As happens in many occupations, what used to require humans eventually becomes doable by machines. Add to that list of scientific skills the ability to revisit and refine previous research. Two years ago a robot was able to successfully form and test hypotheses. That robot, Adam, has now demonstrated the ability to refine its work when given new information. As WIRED Science reports, the robot was given new information on yeast growth rates relevant to previous work it performed. With this new information Adam could then do new experiments based on its work and determined that knocking out certain enzymes improved the rate of yeast growth.
While that’s a valuable conclusion (assuming it’s successfully replicated), the methodology behind this new work – from a computing perspective – is the potentially radical development.
What was critical to Adam being able to revisit its previous work was capturing and storing that work in a precise, standard language. If more computers and robots are to digest research findings, conduct and replicate their own experiments (or the experiments of others), they will need a standard language – one that works across the field, or across all fields.

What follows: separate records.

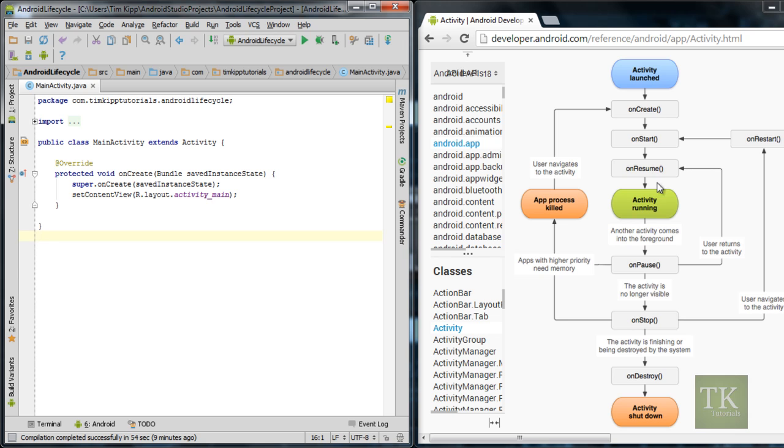And then once your activity is stopped and either you can manually finish your application, which closes your activity, it will call onDestroy. And then your activity is shut down and can no longer be accessed until you restart your activity again. Then it will start from the very top and go through onCreate, onStart, onResume, and then your activity is running again.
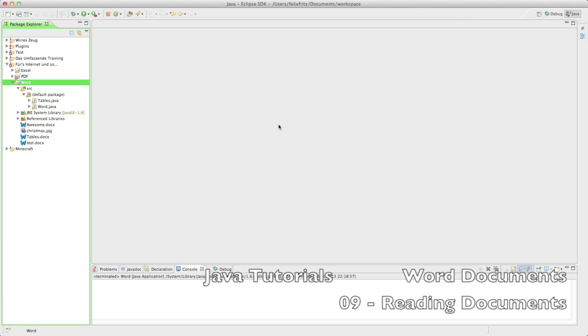What's up guys, welcome back to another tutorial on how to create Word documents. And in this tutorial we are actually not going to create any Word documents. We are going to read documents.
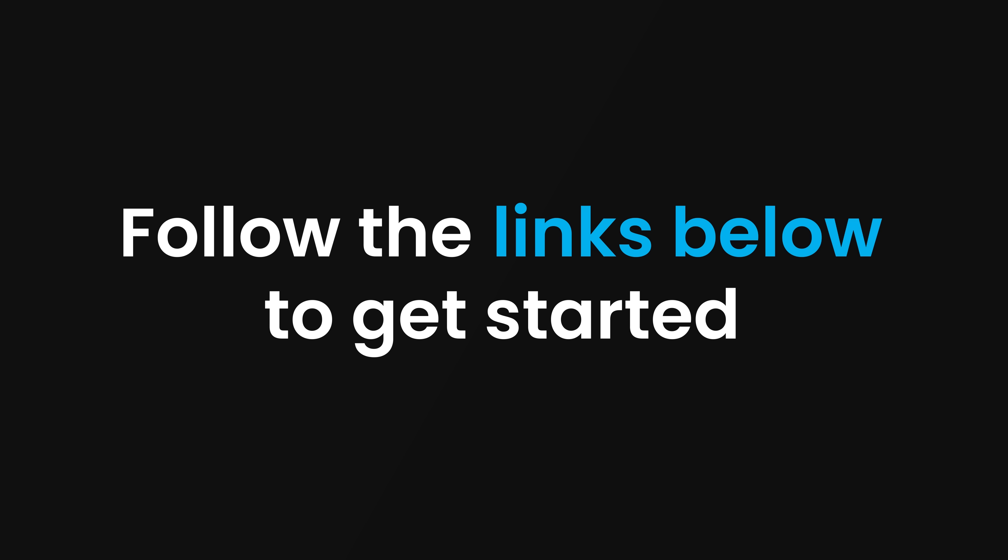That was user interfaces with nothing but Python in 100 seconds. To learn more about creating user interfaces with Anvil, please follow the link in the description below.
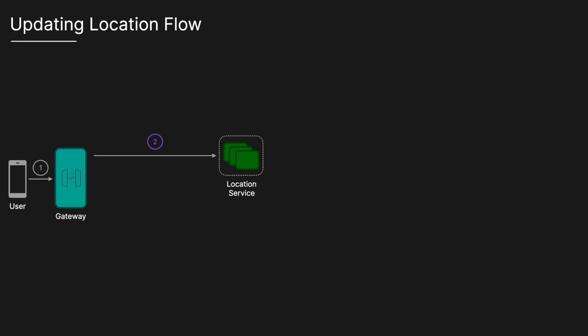The location service will calculate the S2 cell the user is currently in, as well as the S2 cell corresponding to the user's updated location. The S2 calculation is critical for identifying the geographic region in which the user should now be indexed. To manage consistency within Tinder's geo sharded architecture, the location service will then push a message onto a Kafka queue. Kafka is used to ensure scalability and ordered message processing, which is crucial for maintaining consistency when a user's location changes rapidly or when there are concurrent updates.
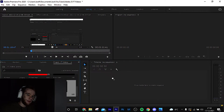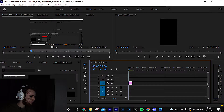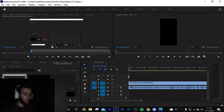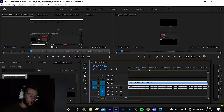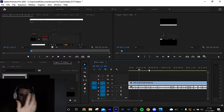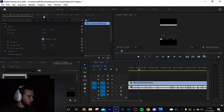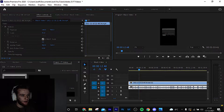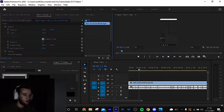Drag that onto the timeline — now this is where the magic happens. You might see, this is what we did last time, but there's another step to it. In the Effect Controls, this is just completely out of whack. I showed you how to scale in to do that before.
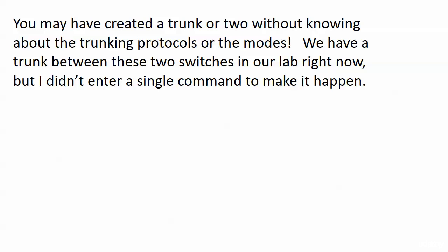Now here's what I was talking about a while back when I said you may have created a trunk without even knowing any of this stuff, because you might not even know the trunking protocols existed when you did it. You might not even know the modes existed when you did it. We have a trunk between two switches in our lab right now. Actually, several trunks between several switches in our lab right now. And I did not enter a single command to make any of that happen. And you're going to see exactly how coming up next.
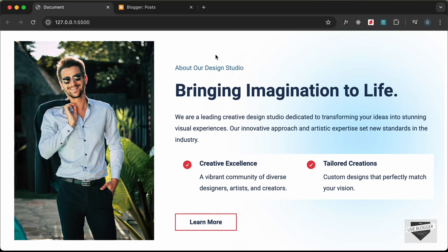Hi everybody, welcome to Live Blogger. In this video I'll show you how to add an About section to your Blogger website. I have shown you how to design this from scratch in the previous video using HTML and CSS — I will leave the link of the design video in the description. In this video I'll show you how to add this to your Blogger website.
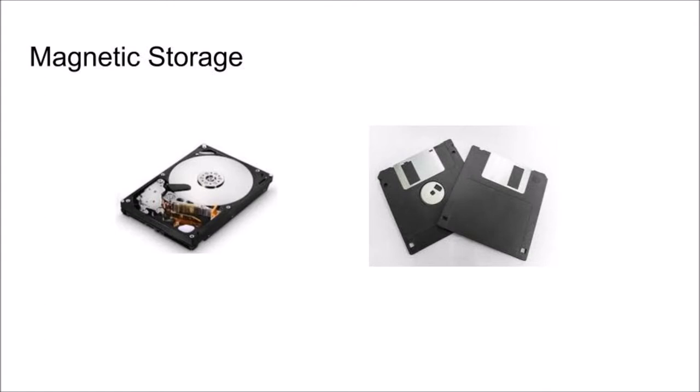This is mainly used in modern computers as you get more gigabytes of storage for a cheaper price. This type of storage is used in hard drive disks and even floppy disks.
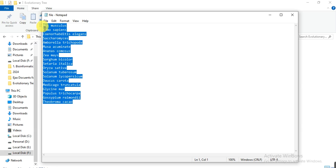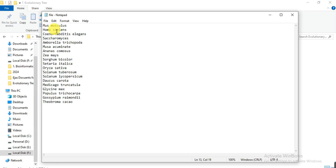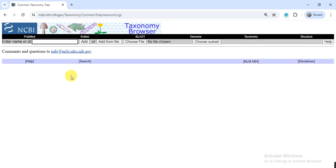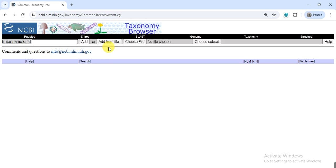Now we open the link. Here, this is the link about the taxonomic tree or taxonomic browser through NCBI. The link of this website is available in the video description. You can find it from there. Now simply go to choose file. Here you can see choose file. When you open the link, you will find this window.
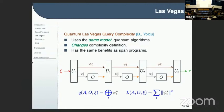The standard definition is just the number of times you execute the input oracle — in this picture it would be three. You define the Las Vegas complexity by defining a query state that is the direct sum of all the states you give to your input oracle, and you define Las Vegas quantum query complexity as the norm squared of this state. So you're only paying for the norm that you actually process.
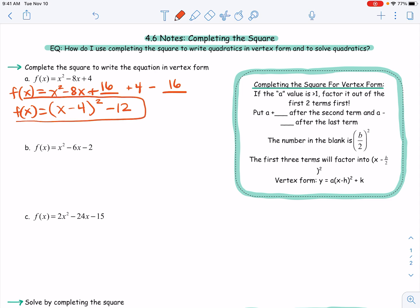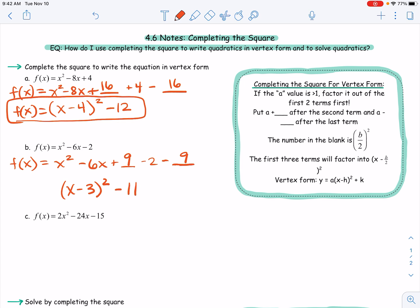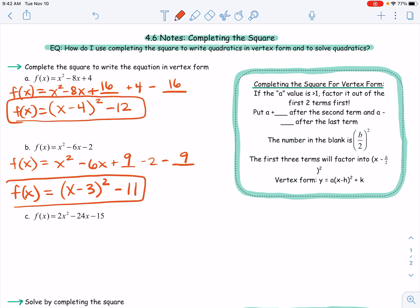Let's try another one. Again, a = 1, so no factoring needed. I add a blank after the second term and subtract it after the last term. Half of my b value is −3, and (−3)² = 9, so I add and subtract 9. The first three terms form a perfect square trinomial factoring into (x − 3)². Combining the last two terms gives −11. Now it's in vertex form. This is a great shortcut — no need to use the axis of symmetry formula −b/(2a).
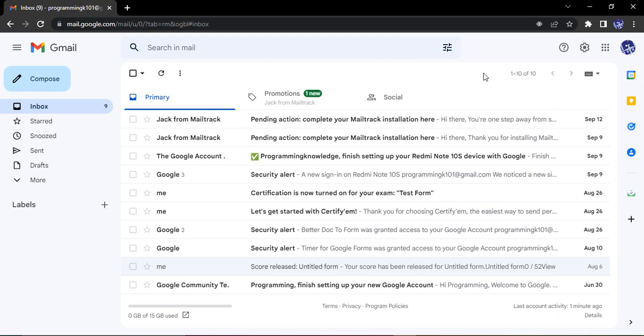Hello everyone, welcome to Gmail Tutorials. In this video we are going to see how to integrate MailTrack third-party add-on with our Gmail account.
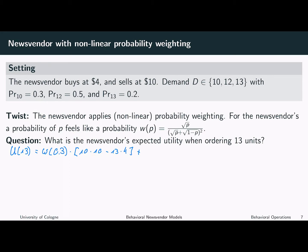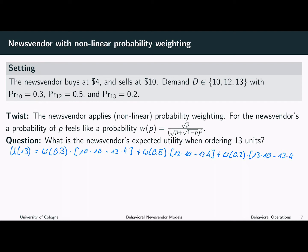With a probability of 0.5, the news vendor faces a demand of 12. Again, we cannot write down 0.5, but have to take w of 0.5 and take the profit in this case. The demand is 12, so the news vendor is selling 12 units at a price of 10 and bought 13 units at a price of 4. Finally, with a probability of 0.2, the news vendor can sell all 13 units. So we write down w of 0.2 times the profit, which is 13 times 10 minus 13 times 4.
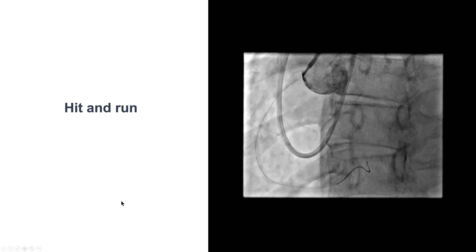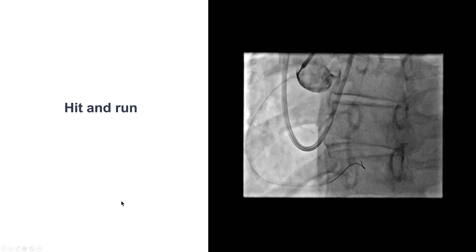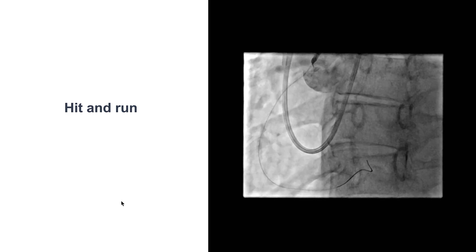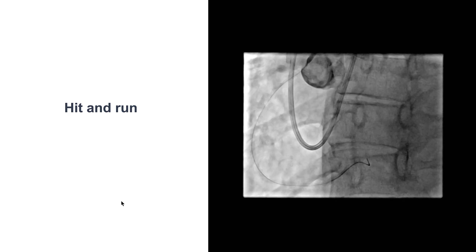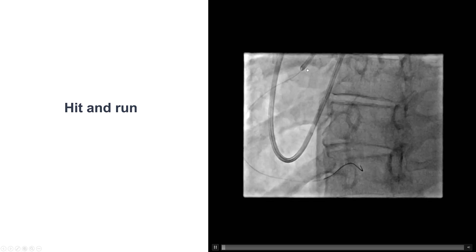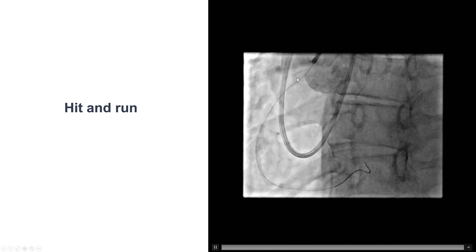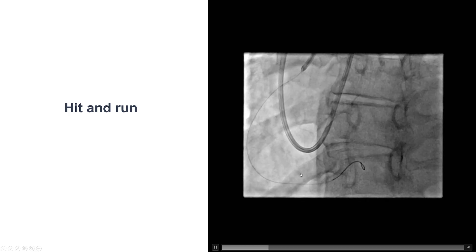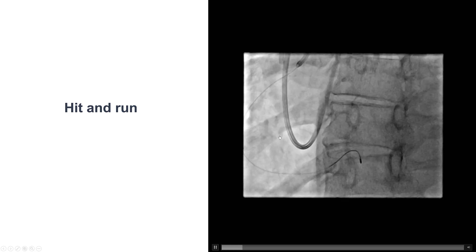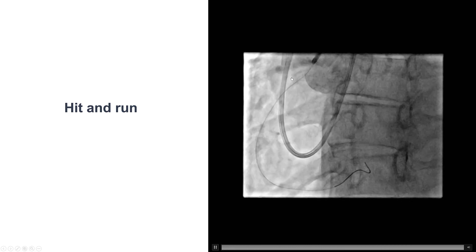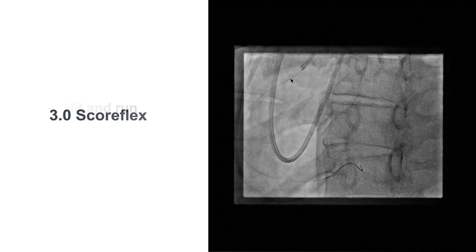Right heart catheterization showed normal filling pressures, so we proceeded with PCI without hemodynamic support. There was significant dampening of pressure upon engagement of the right coronary artery, which is why we downsized to a 6 French from a 7 French JR4 guide catheter, inserted a guidewire into the coronary artery, and performed the PCI with the guide being disengaged from the ostium of the right coronary artery.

This may be easier said than done. When I posted about Adam’s 2009 exploits, I figured at best you could get a robot specialized to a particular field or subfield. That reflects my concerns over the difficulty of getting everyone to agree on the same, exact meaning of words like trial, protocol, test, and experiment. This may seem easy, but each of those terms cover a multitude of different things. It may not be possible to make a research robot that could be as productive as a human researcher, but able to work in different, even unrelated fields. While researchers may breathe a sigh of relief at this point, these robots will likely be able to do trials and experiments much faster and more reliably than human could. So those tenure track jobs are likely to shrink further over the coming years. Maybe these robots could make up for the sheer numbers of (likely lesser quality) researchers other countries are producing.